Xu Yu, Chen Wanyi, You Chunping, Liu Zhenmin
State Key Laboratory of Dairy Biotechnology, Shanghai Engineering Research Center of Dairy Biotechnology, Synergetic Innovation Center for Food Safety and Nutrition, Dairy Research Inst., Bright Dairy & Food Co, Ltd, 1518 West of Jiangchang Road, Shanghai 200436, P. R. China.
J Food Sci. 2017 Oct;82(10):2337-2342. doi: 10.1111/1750-3841.13845. Epub 2017 Sep 26.
Under the cold storage and processing conditions of raw milk, the psychrotrophic Pseudomonas fluorescens is usually found as predominant bacteria causing its spoilage. In this study, a multiplex PCR assay was developed for rapid and selective detection of P. fluorescens with biofilm formation ability. The target sequences were 2 genes (adnA and fliC) related to biofilm formation and flagella biosynthesis of P. fluorescens. The specificity of the mPCR assay was evaluated with 7 reference strains, isolated from raw milk, belonging to P. fluorescens, Pseudomonas fragi, Pseudomonas lundensis, Pseudomonas putida, Pseudomonas monteilii, and 2 unclassified Pseudomonas species (Pseudomonas sp1 and Pseudomonas sp8). The detection limit for the target strain was 10 CFU/mL. Seventy-three strains were evaluated by the mPCR assay. The adnA gene was detected in 23 strains while fliC gene was detected in only 3 strains. However, both target genes (adnA and fliC) were detected by amplification in 12 strains belonging to P. fluorescens species. The biofilm formation ability of P. fluorescens following cultivation in 10% UHT milk at 30 °C or 4 °C were evaluated by the microtiter plate assay. The result showed that all the P. fluorescens strains with the target gene (adnA or fliC, or both 2 genes) had the biofilm-forming ability. The phylogenetic analysis showed that adnA gene tree had a higher resolution than rpoB tree, and the strains in adnA phylogenetic dendrogram could be divided into 4 different groups according with the matrix of their biofilm-forming ability. The results indicated a promising use of adnA gene as a taxonomic marker for subdividing P. fluorescens.
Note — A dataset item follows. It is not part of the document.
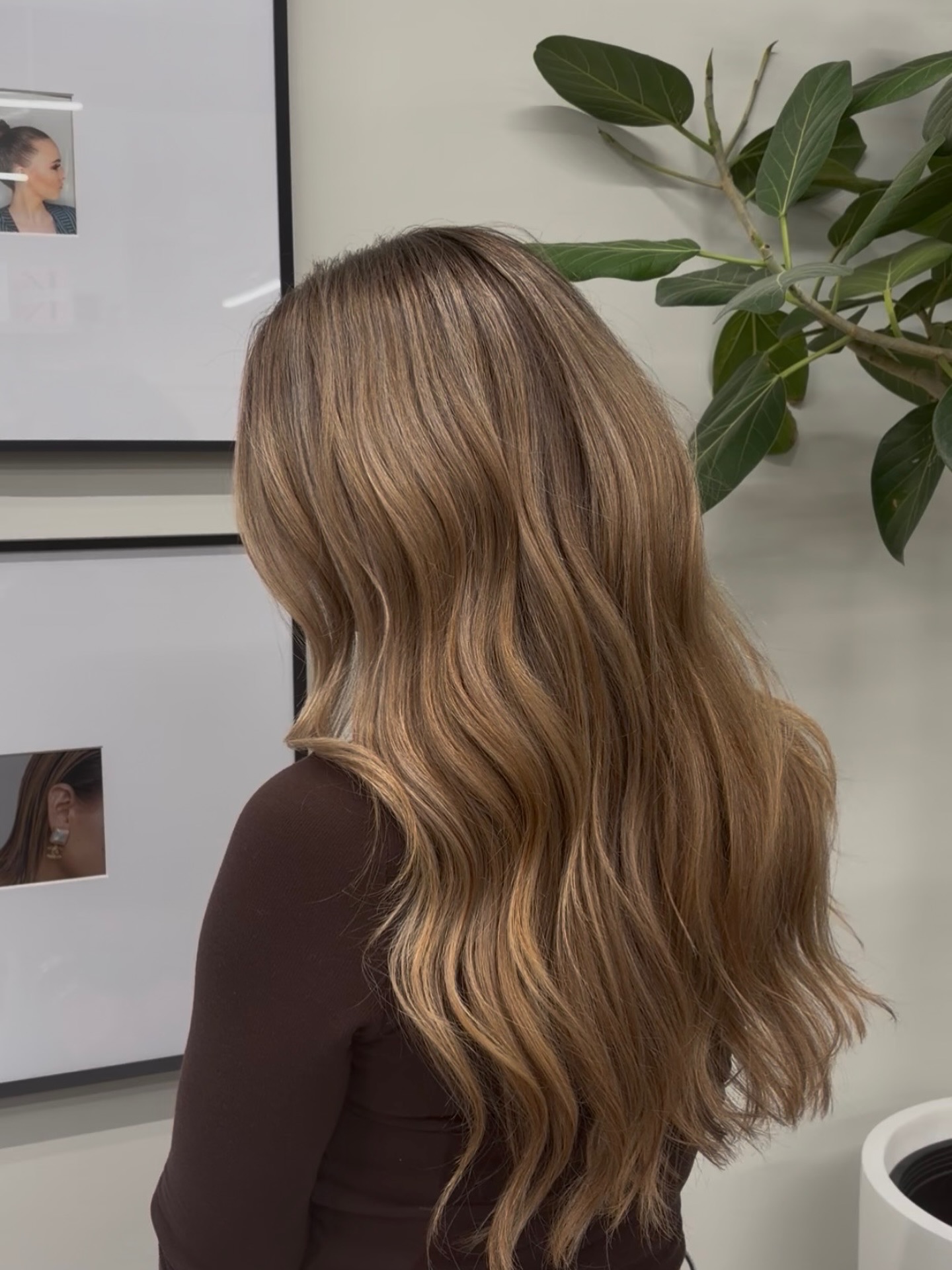 A full head of highlights and root melt by @hair.by.allison 🥰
A mPCR assay targeting adnA and fliC genes showed rapid and reliable detection of P. fluorescens with biofilm formation ability, which could be useful to detect this contamination in milk samples.
在生乳的冷藏和加工条件下,嗜冷的荧光假单胞菌通常是导致其变质的主要细菌。在本研究中,开发了一种多重PCR检测方法,用于快速、选择性地检测具有生物膜形成能力的荧光假单胞菌。靶序列是与荧光假单胞菌生物膜形成和鞭毛生物合成相关的2个基因(adnA和fliC)。使用从生乳中分离的7株参考菌株评估了多重PCR检测方法的特异性,这些菌株分别属于荧光假单胞菌、脆弱假单胞菌、伦氏假单胞菌、恶臭假单胞菌、蒙氏假单胞菌以及2种未分类的假单胞菌(假单胞菌sp1和假单胞菌sp8)。靶菌株的检测限为10 CFU/mL。通过多重PCR检测方法评估了73株菌株。在23株菌株中检测到了adnA基因,而仅在3株菌株中检测到了fliC基因。然而,通过扩增在12株属于荧光假单胞菌属的菌株中检测到了两个靶基因(adnA和fliC)。通过微量滴定板试验评估了荧光假单胞菌在30℃或4℃的10%超高温灭菌乳中培养后的生物膜形成能力。结果表明,所有具有靶基因(adnA或fliC,或两个基因)的荧光假单胞菌菌株都具有生物膜形成能力。系统发育分析表明,adnA基因树的分辨率高于rpoB树,并且根据其生物膜形成能力的矩阵,adnA系统发育树状图中的菌株可分为4个不同的组。结果表明,adnA基因有望作为细分荧光假单胞菌的分类标记。
针对adnA和fliC基因的多重PCR检测方法显示,能够快速、可靠地检测具有生物膜形成能力的荧光假单胞菌,这对于检测牛奶样品中的这种污染可能是有用的。